Respondents also ranked the most significant barriers to greater adoption of ESG (environmental, social and governance) principles across their investment portfolios. Topping the list were data quality and consistency (66%), availability of tools and metrics to accurately measure transition risk (41%) and a lack of conviction that ESG integration will improve performance over the long term (41%).
In a push to meet net zero targets, regulators around the world are increasingly requiring investors to disclose their climate-related financial risks and companies to report their carbon emissions.
“Investors are hungry for data on how climate risks impact investment outcomes.
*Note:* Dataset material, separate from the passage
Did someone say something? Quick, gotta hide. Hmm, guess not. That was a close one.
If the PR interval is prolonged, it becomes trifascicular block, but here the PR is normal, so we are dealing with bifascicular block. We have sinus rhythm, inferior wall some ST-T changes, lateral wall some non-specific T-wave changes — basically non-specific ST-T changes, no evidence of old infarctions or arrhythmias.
We now have forward-looking metrics that shine light on all the climate-related financial risks across industries.”
Diya Luke | Growth Acceleration Leader at WTW
Diya Luke, Growth Acceleration Leader, WTW, said: “Investors are hungry for data on how climate risks impact investment outcomes. We now have forward-looking metrics that shine light on all the climate-related financial risks across industries. This includes quantifying the difference between current market expectations of future cash flows and those under different climate transition scenarios. This is a step change in understanding the impact of the net zero transition on companies, portfolios and even countries. These analytics move the market beyond current carbon metrics and will help capital align with net zero.”
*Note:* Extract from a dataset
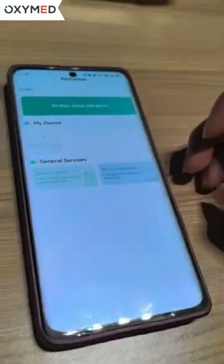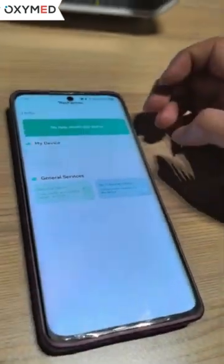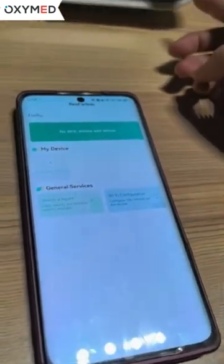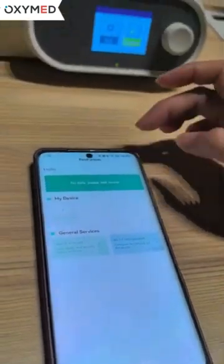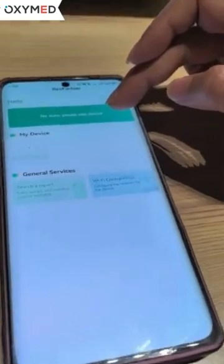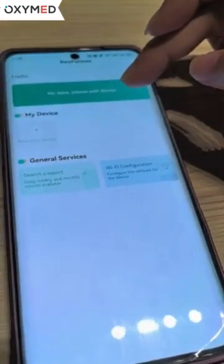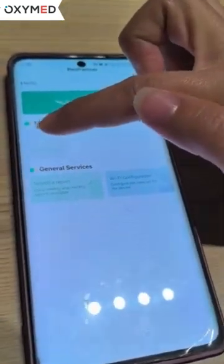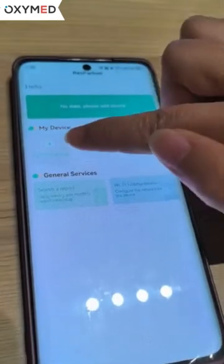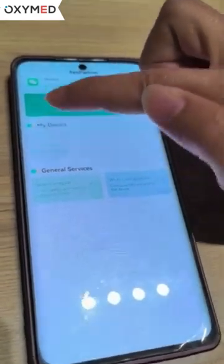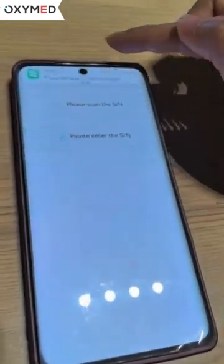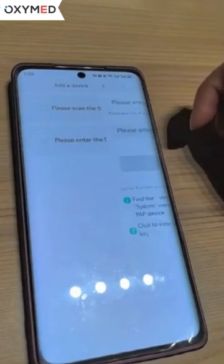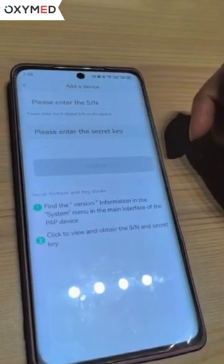To connect the Wi-Fi with the app and our device, first we need to enter the partner app. Next, we click 'My Device' and then 'Add New Devices'. Then we choose to enter the sign number and the secret key.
Climate Quantified™ is WTW’s suite of forward-looking climate data and analytical tools supporting this move. It includes the latest physical risk models and the pioneering Climate Transition Value at Risk methodology, which helps companies, investors and countries identify and manage the risks and opportunities of a climate transition.
Heather Boushey, a member of the White House Council of Economic Advisers, said: “The high and rising costs of climate change require a new economic toolbox. These tools come from understanding that increased information can help identify and address vulnerabilities in our economy and financial system. They provide an opportunity to guide the market to strong and sustainable economic growth during and after this transition.
“We look forward to collaborating with and learning from the private sector as we address the climate crisis together. While the Biden Administration understands the challenges ahead, it also sees this as an opportunity for meaningful reform.”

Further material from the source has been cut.